La réalité, c’est que les États-Unis sont désormais entrés
en campagne pour l’élection présidentielle de novembre 2020. Dans quelques
mois, auront lieu les premières primaires, dont celle symbolique de l’Iowa.
Donald Trump sera le candidat des républicains et toute la question est de
savoir qui sera son adversaire démocrate. En pratiquant l’outrance et en
répétant à l’envi ses provocations ordurières, le président vise deux
objectifs. Le premier est de resserrer les rangs de sa base électorale.
Scandale après scandale, cette dernière ne perd pas en importance. Certes, les
républicains ont perdu les élections de mi-mandat mais les sondages montrent
que Trump peut compter sur un électorat solide.
Un électorat, il faut le dire, qui partage en grande partie
ses idées. Il n’y a pas que les questions sociales qui fondent la popularité de
Trump. Son opposition au libre-échange, ses diatribes contre les
délocalisations, ses sorties contre la fuite des emplois, tout cela a bien sûr
son effet. Mais il ne faut pas s’aveugler. Les insultes et les mises en causes
dirigées contre l’islam, l’immigration, les minorités ethniques et les femmes
sont une réalité de même que son indulgence à l’égard de l’antisémitisme. Ces
thèmes incendiaires sont autant de points de rassemblement et de convergence
avec son électorat. Au passage, concernant l’antisémitisme, on notera la
position à géométrie variable du président américain : indulgence à
l’égard de celui, réel, qui prospère dans son camp et mise en cause
intransigeante à l’égard de celui, supposé, qui existerait chez les démocrates,
notamment chez celles et ceux qui s’opposent à la politique d’Israël…

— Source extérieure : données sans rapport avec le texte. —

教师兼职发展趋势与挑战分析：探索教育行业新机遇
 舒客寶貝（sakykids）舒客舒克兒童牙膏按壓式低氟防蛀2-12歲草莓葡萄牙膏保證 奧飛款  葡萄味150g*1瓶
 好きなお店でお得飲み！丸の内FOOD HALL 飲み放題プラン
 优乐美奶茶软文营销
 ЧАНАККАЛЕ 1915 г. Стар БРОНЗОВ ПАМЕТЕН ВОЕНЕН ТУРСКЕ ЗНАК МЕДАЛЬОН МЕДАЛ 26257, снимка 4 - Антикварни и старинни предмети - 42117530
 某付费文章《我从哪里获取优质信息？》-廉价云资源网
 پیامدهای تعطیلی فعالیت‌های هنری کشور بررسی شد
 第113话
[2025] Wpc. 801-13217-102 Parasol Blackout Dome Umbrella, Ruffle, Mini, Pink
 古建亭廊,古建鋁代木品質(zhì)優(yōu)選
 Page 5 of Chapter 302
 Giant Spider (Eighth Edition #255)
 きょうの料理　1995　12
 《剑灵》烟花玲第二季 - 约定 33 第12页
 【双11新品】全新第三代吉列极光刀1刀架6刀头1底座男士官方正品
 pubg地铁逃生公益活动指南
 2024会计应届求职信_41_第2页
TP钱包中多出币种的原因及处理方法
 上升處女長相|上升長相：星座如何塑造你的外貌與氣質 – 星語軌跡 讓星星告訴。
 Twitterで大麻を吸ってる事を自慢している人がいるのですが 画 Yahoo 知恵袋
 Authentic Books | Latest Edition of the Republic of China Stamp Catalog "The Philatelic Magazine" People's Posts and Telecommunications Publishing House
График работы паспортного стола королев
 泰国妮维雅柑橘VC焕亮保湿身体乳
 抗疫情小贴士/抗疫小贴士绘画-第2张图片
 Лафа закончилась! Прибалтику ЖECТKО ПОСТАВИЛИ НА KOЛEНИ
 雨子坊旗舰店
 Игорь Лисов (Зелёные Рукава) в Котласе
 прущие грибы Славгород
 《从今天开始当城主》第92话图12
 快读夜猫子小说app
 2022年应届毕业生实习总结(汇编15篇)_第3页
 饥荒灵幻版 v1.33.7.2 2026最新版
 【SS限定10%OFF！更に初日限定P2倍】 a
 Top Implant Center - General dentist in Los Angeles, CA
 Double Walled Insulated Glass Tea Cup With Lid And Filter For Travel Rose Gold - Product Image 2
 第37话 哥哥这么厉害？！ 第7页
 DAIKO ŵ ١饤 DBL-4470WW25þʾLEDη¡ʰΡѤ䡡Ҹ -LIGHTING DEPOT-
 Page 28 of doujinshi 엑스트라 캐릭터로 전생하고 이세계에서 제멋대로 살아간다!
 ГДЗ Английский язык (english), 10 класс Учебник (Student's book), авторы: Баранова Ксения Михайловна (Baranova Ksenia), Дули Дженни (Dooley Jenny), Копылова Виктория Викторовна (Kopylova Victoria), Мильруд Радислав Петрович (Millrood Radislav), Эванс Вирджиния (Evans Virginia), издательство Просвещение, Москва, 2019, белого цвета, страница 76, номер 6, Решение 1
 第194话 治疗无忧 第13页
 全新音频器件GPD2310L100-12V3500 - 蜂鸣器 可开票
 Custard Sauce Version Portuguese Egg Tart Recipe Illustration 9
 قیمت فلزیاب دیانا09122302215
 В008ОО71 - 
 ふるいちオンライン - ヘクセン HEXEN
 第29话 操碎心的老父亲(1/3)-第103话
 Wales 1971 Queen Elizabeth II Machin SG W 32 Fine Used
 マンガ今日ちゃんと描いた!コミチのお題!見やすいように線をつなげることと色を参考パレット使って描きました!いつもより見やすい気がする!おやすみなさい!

L’autre objectif de Trump est de semer la pagaille au sein
des candidats démocrates à l’investiture. Avec ses déclarations tapageuses – il
y en aura d’autres dans les prochains jours et mois -, il les oblige à suivre
son tempo, à se déterminer par rapport à lui et à se retrouver dans une
situation où il leur sera bien difficile de faire entendre leurs propositions. Le
président a bien compris l’avantage d’une telle situation qui flatte son
narcissisme démesuré. Les uns et les autres sont obligés de parler de lui, de
se référer à lui. La question est simple : peuvent-ils l’ignorer ? Et
si oui, comment peuvent-ils y arriver ?
Finalement, l’Amérique paie bien cher l’élection de Barack
Obama en 2008. Terminé l’idée d’un pays entré dans l’ère
« post-raciale ». On réalise depuis 2016 qu’une grande partie de
l’Amérique profonde n’a jamais admis de voir un Noir à la Maison-Blanche. Et
avec Trump, elle trouve l’occasion de donner libre cours à des pulsions qui,
jusque-là, étaient contenues ou interdites d’expression. Si le président se
permet d’être ouvertement raciste pourquoi les citoyens ne le seraient-ils
pas ? L’Amérique est entrée dans une période délicate et il sera
intéressant de voir si elle possède les ressorts pour échapper à la catastrophe
vers laquelle l’entraîne un homme aussi inconséquent que détestable.